• [What needs to be done] Using the entries below, restate word for word only the lines from the one with "Flameless LED Candles" to the final line, leaving the pictures out.

[[ Provided data open ]]

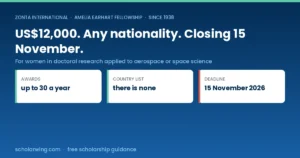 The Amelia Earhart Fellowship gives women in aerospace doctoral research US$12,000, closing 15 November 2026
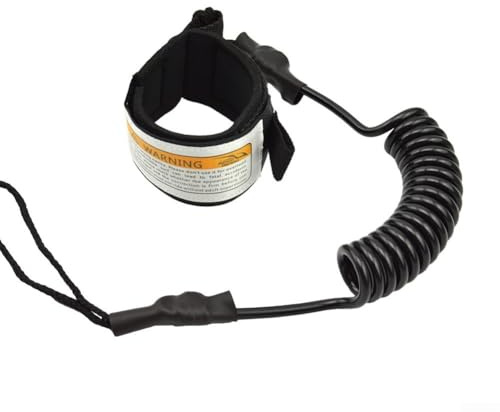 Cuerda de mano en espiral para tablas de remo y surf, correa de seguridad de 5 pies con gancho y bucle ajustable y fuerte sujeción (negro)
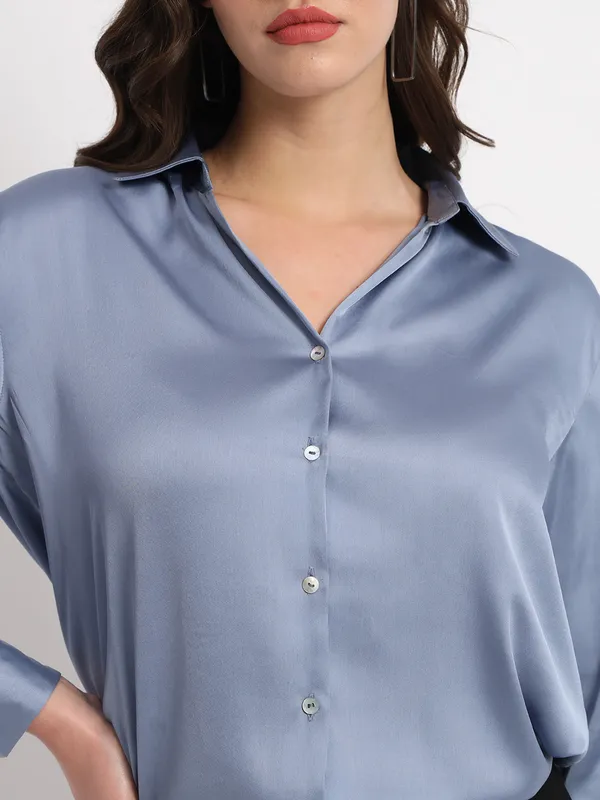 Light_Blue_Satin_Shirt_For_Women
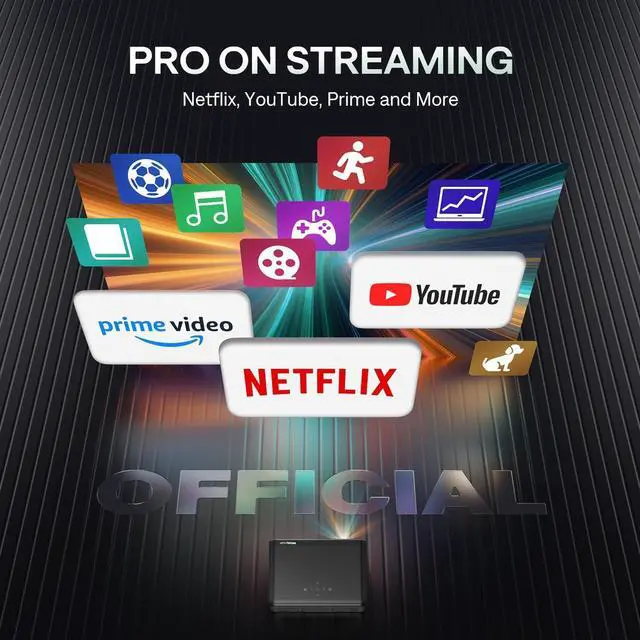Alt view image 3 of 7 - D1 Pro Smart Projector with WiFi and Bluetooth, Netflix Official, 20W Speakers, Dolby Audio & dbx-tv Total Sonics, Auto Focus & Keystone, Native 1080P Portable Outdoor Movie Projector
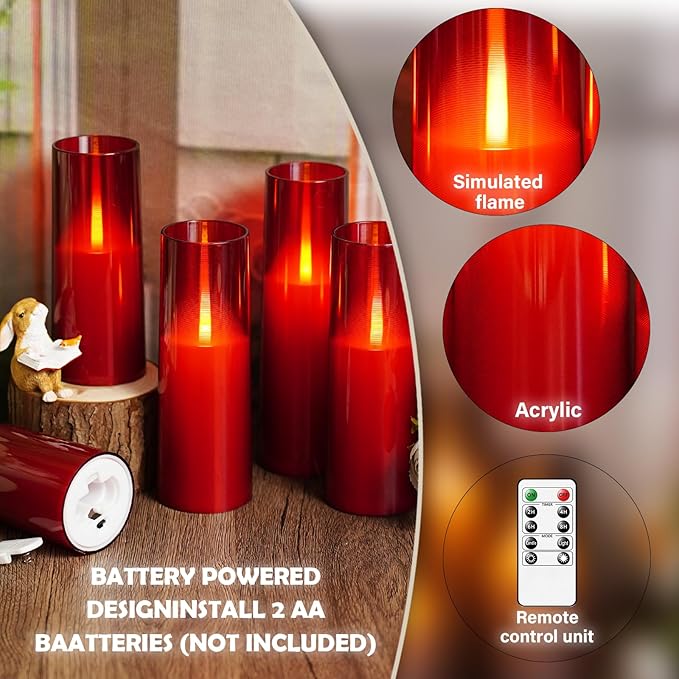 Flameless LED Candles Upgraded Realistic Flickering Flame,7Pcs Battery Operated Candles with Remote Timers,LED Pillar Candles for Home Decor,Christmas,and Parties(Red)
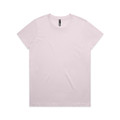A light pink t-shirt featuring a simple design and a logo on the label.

[[ Provided data closed ]]

• [Answer section]
 Flameless LED Candles Upgraded Realistic Flickering Flame,7Pcs Battery Operated Candles with Remote Timers,LED Pillar Candles for Home Decor,Christmas,and Parties(Red)
A light pink t-shirt featuring a simple design and a logo on the label.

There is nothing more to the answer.